The court concluded that Prodigy was indeed a “publisher.” Reasoning that Prodigy “held itself out to the public and its members as controlling the content of [Money Talk] …,” and, by contracting with the mods, “actively utilize[ed] technology and manpower to delete notes from its computer bulletin boards on the basis of offensiveness and ‘bad taste[.]’” 

The court distinguished this holding from a 1991 case involving CompuServe four years earlier. There, the United States District Court for the Southern District of New York dismissed a libel case on the basis that CompuServe was a “distributor” (where they would only be liable if they knew or had reason to know of the libel) Unlike Prodigy, CompuServe did not review any content before it was posted to its bulletin boards. The court reasoned that, without knowledge of the libel, CompuServe would not be liable. 

Legislative Reaction to the Stratton Oakmont Case

Some legislators thought the results in Stratton Oakmont and the CompuServe case were backwards. Chris Cox (R-CA) stated that the “[t]he perverse incentive this case created was clear: any provider of interactive computer services should avoid even modest efforts to moderate the content on its site.” After seeing a Wall Street Journal article about the case, Cox reached out to Ron Wyden (D-OR) to work on the bill that would later become Section 230 in an effort to address these “perverse incentives.” This effort initially culminated in the Internet Freedom and Family Empowerment Act. The bill was enacted as part of the “Communications Decency Act,” (CDA) but when the rest of the CDA was struck down on first amendment grounds, section 230 survived. It can be found here

What does Stratton Oakmont Teach Us About Section 230 today?

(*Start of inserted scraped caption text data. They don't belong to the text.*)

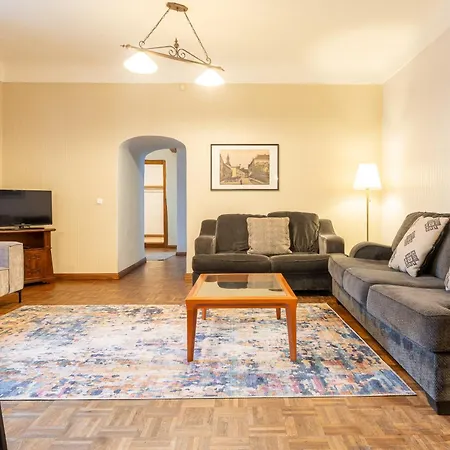 Old Town - Kohtu Apartmán *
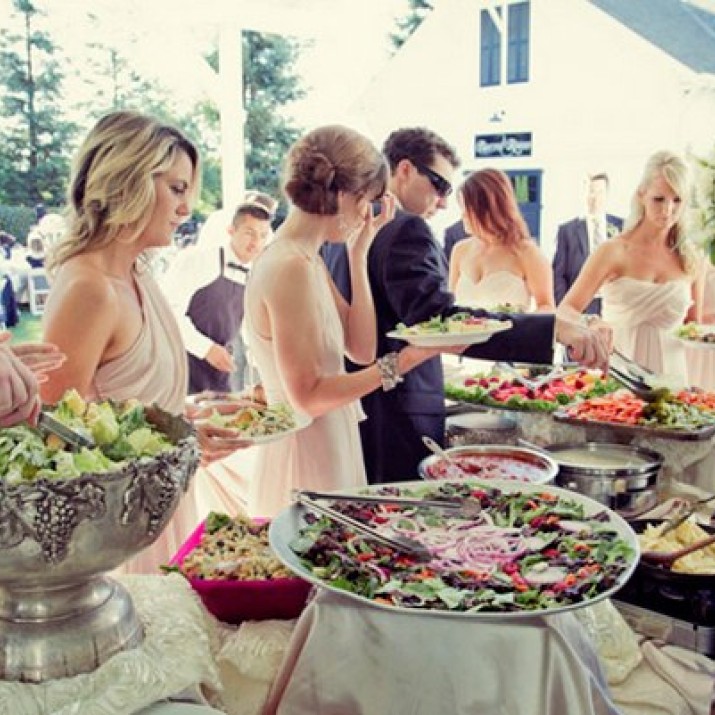 Tiệc Cưới Buffet - Xu Hướng Cưới Kiểu Mới              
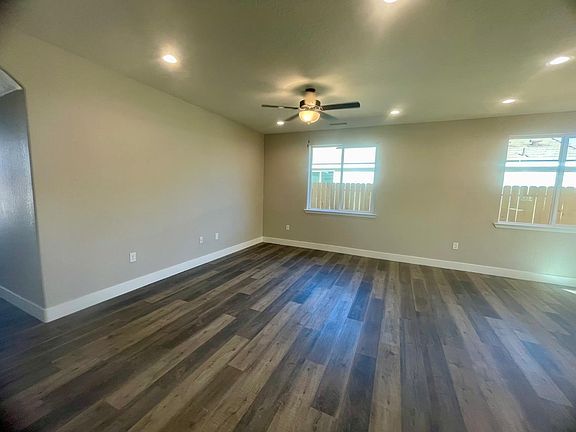 3rd image of 16251 W Sunset Ave
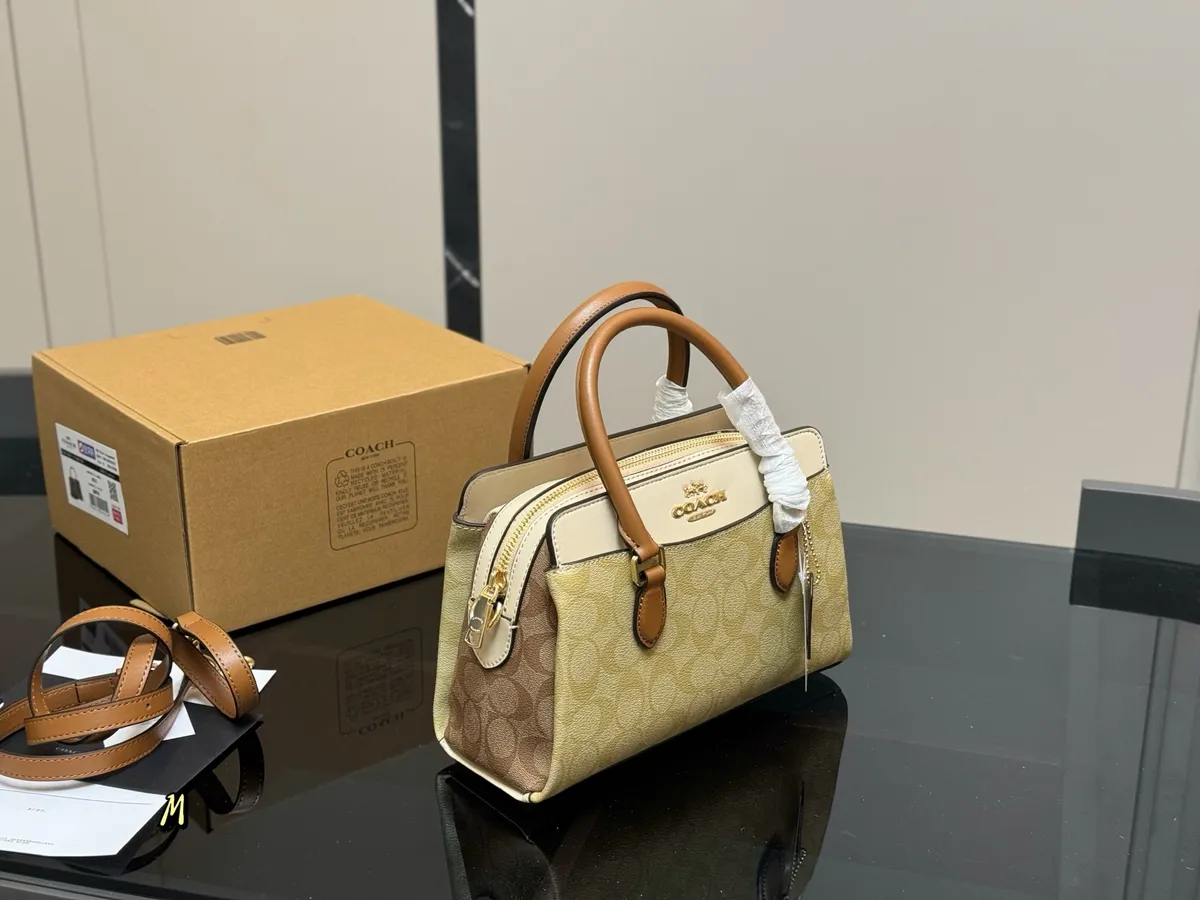 Coach Handbag - 25 × 17 cm — source photograph 1 of 3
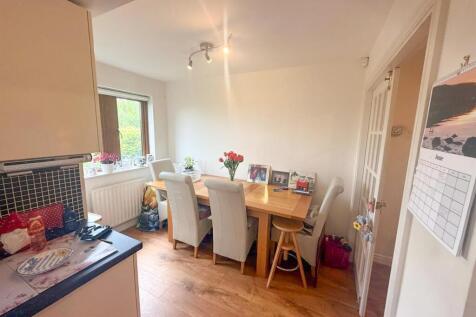 4 Bed Detached, Silsden
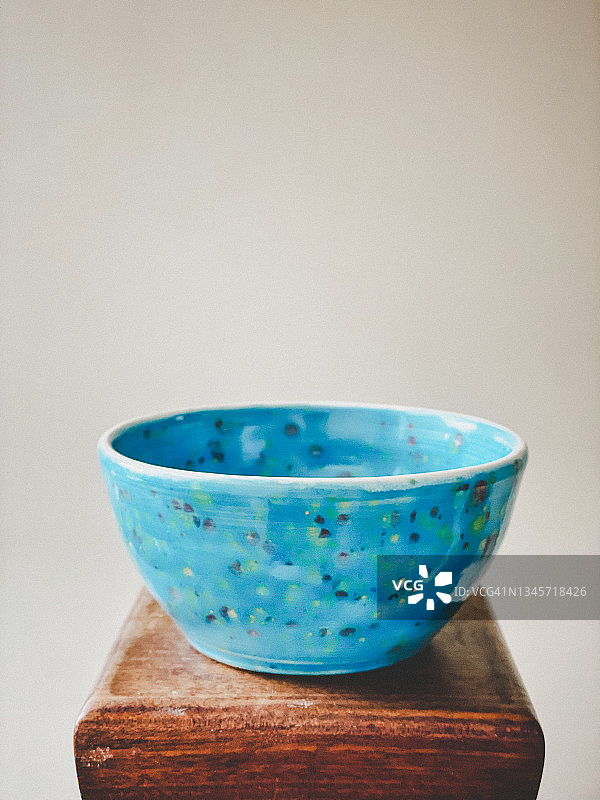 手掷陶碗图片素材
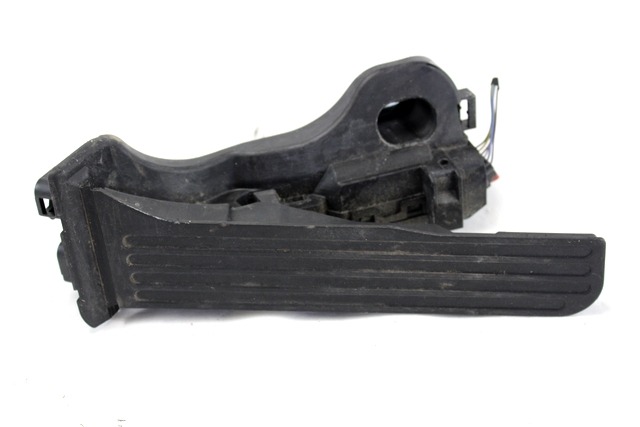 PEDALI OEM N. 1K1721503AT ORIGINAL REZERVNI DEL VOLKSWAGEN PASSAT B7 362 365 BER/SW (10/2010 - 2015)DIESEL LETNIK 2013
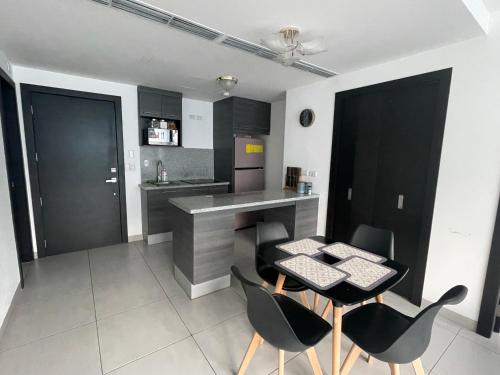 Departamento Moderno 2 dormitorios con baños, Parqueo, Seguridad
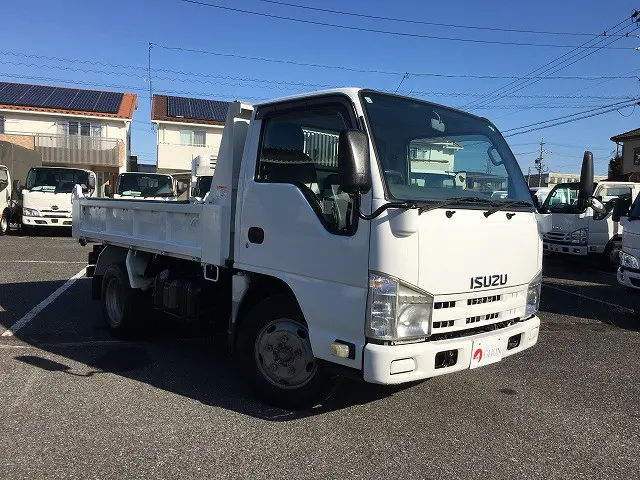いすゞ エルフ TKG-NKR85AN(2WD)の写真10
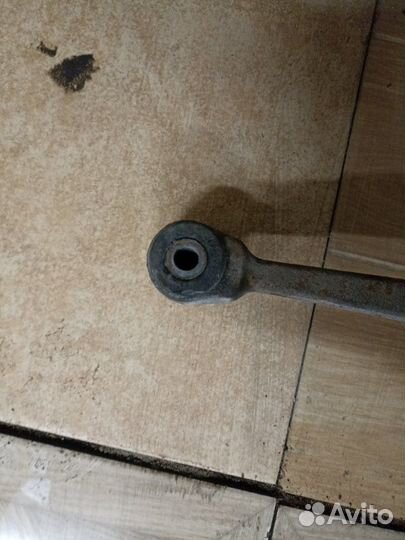 Рычаг правый Ваз 2114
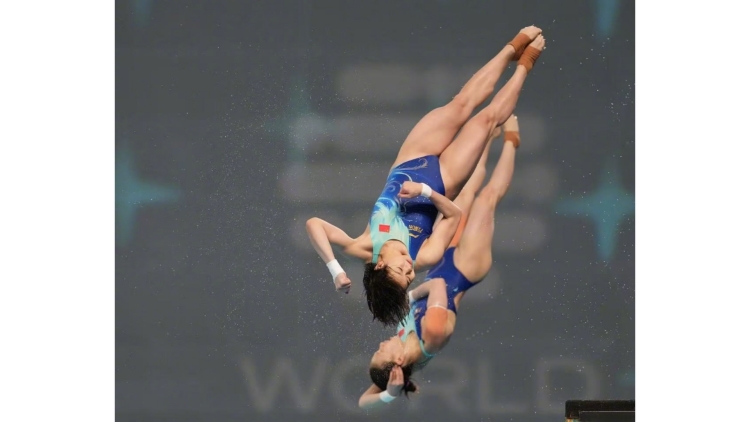 跳水世界盃總決賽：全紅嬋/陳芋汐女子雙人十米臺奪金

Section 230 was passed largely to address those “perverse incentives” regarding moderation by online service providers. In 1990, Prodigy’s Director of Market Programs and Communications stated that “[Prodigy] make[s] no apology for pursuing a value system that reflects the culture of millions of American families we aspire to serve.” In the same NYT article, “social responsibility” was given as a reason to exercise editorial discretion—does that sound familiar? These seemingly recurring themes lead experts to opine that the current discourse about Section 230 is a bit phony—that it’s really a proxy for a conversation about the first amendment. The legal differences between a publisher and distributor are First Amendment distinctions, and since the enactment of Section 230, “that’s not really been an issue for the internet.” So functionally, those underlying First Amendment issues haven’t mattered as much in light of Section 230.

In the United States, we are still figuring out the rules of this relatively new frontier. Some folks argue that Section 230 helped make the digital economy what it is in the United States. Globally, the United States comes third in the total number of internet users with around 250 million, behind China (over 750 million) and India (over 390 million). Though here in the U.S., we will continue to arbitrate what speech should and should not be protected in light of the first amendment, it’s likely that the reasonability of how we approach an equilibrium will be a function of global influence and time. The internet rules of the future are certain to be impacted by technology (even more new frontiers) and the continued influence of globalization (i.e., different value systems, standards, and interpretations).